Harris plans to personally review the qualifications, race and sex of all individuals nominated for her department's nearly 800 "supergrade" ($47,500 plus) jobs, and also to look over lists of candidates for Schedule C (political) jobs down to the Grade 12 ($23,000) a year level.

HEW brass say that Harris, or a top assistant, Randolph S. Kinder, will make sure that all the lists include women and minority candidates, or ask why they do not.

HEW brass said Harris may interview all candidates for all top jobs. In cases where she or a designee cannot meet the candidates, an official said, Harris' office will call agency personnel officials to determine how many minority group members, or women, are on the lists of candidates submitted for jobs.

Harris, who moved over from Housing and Urban Development (HUD) in the recent cabinet reshuffle used a similar system at HUD. It was designated to ensure that women and minorities got on promotion or hiring lists for top jobs.During her two years at HUD, 12 minority group members and/or women were named to top area manager jobs that previously had been all male and all white.

In an Aug. 23 memo to top HEW officials, Harris said:

"Selection of individuals [to designated jobs] requires my approval or the approval of someone to whom I have delegated that approval authority.

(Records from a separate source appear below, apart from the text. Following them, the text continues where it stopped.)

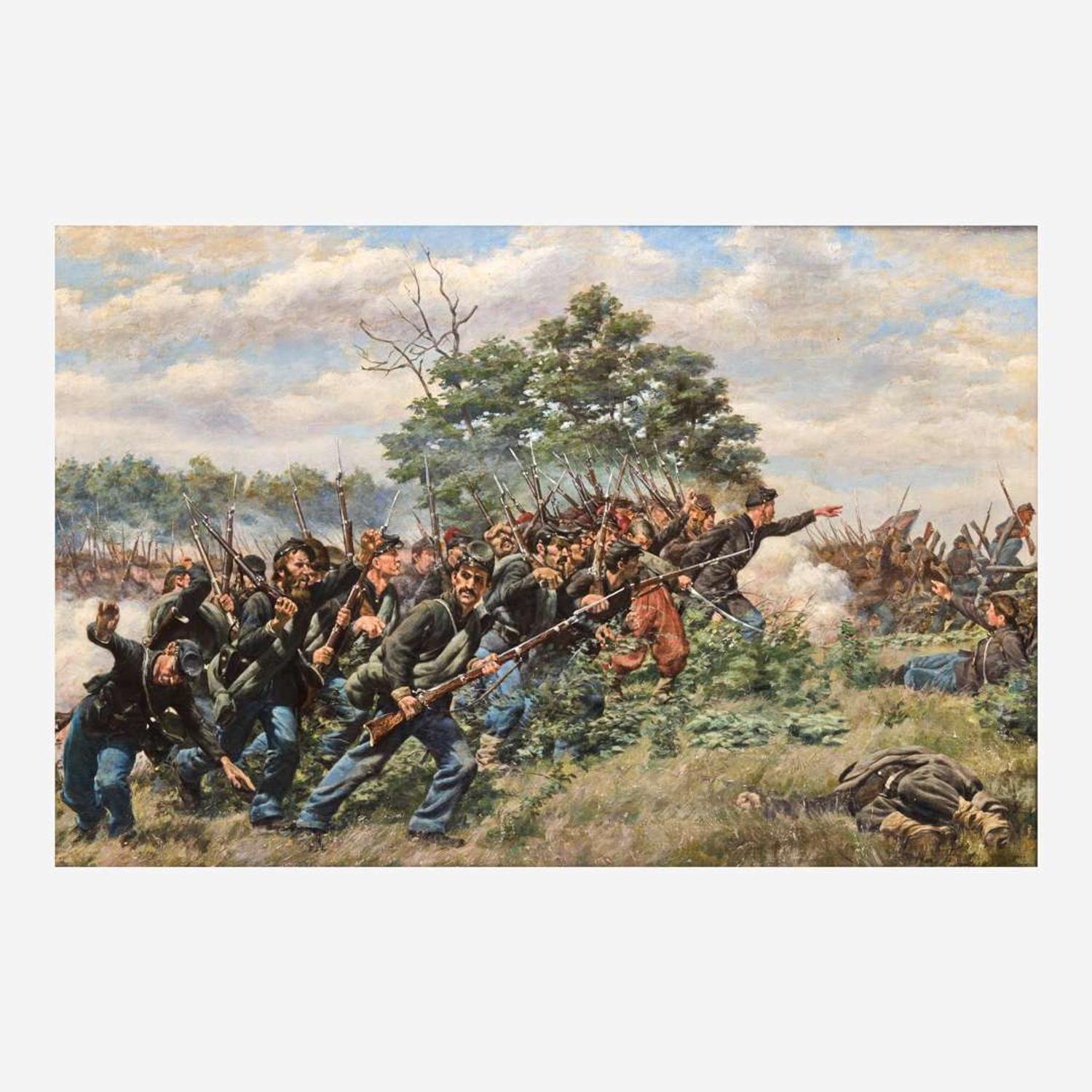 William Brooke Thomas Trego (American, 1858–1909) The Battle of Fair Oaks, Sumner's Reinforcements (May 31-June 1, 1862)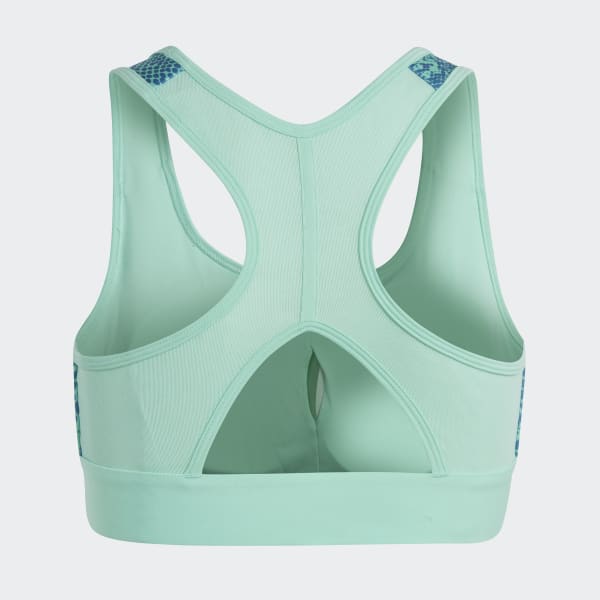 Gron AEROREADY PowerReact Animal Print Padded Sports Bra
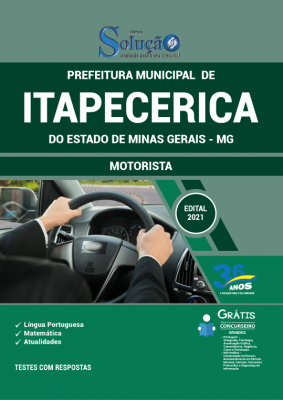 Apostila Prefeitura de Itapecerica - MG  - Motorista - Imagem 2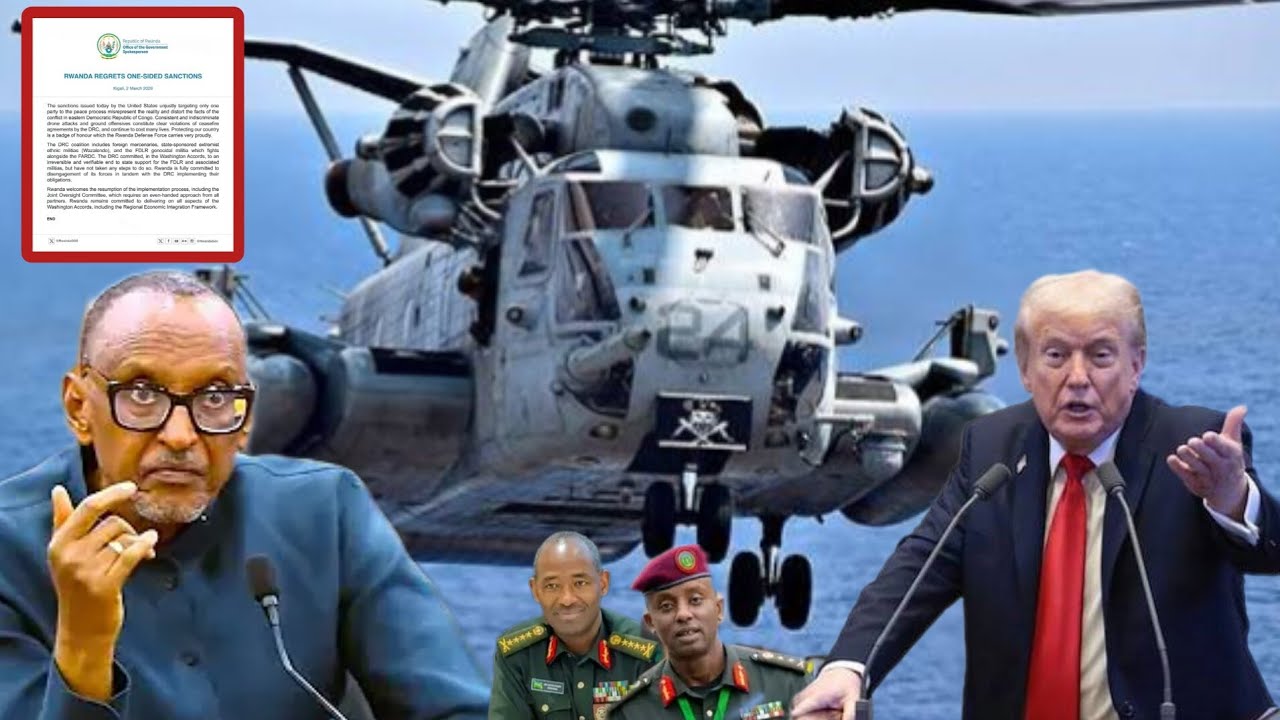 PRES KAGAME YACIYE AMAZI IBIHANO BYA AMERICA/ TRUMP AHISE ATANGAZA IBINDI BIHANO KURWANDA?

In most cases I will want to interview the top candidates or review their backgrounds . . . no one is authorized to announce any 'selection' of persons for these positions until the selection process is complete.

"Please inform all your managers who are involved in reviewing candidates for these positions that their role is limited to evaluating and making recommendations . . . "

An aide to Harris said that a "white male syndrome" exists at HEW, with women and minorities often excluded from lists of candidates for top jobs.

Asked how Harris or her staff would know whether the list contained names of women and minorities, an official said it was "simple. We will call the recommending officials up and ask how many women, how many blacks, how many Hispanics are on the lists."

A HEW official said that a top boss at the National Institute of Mental Health already had been overruled on choice of a top deputy because no women or minorities were considered for the job.

"Personnel runs this place," a member of Harris' staff said, "and we are going to make sure that all qualified candidates are considered, not just white males."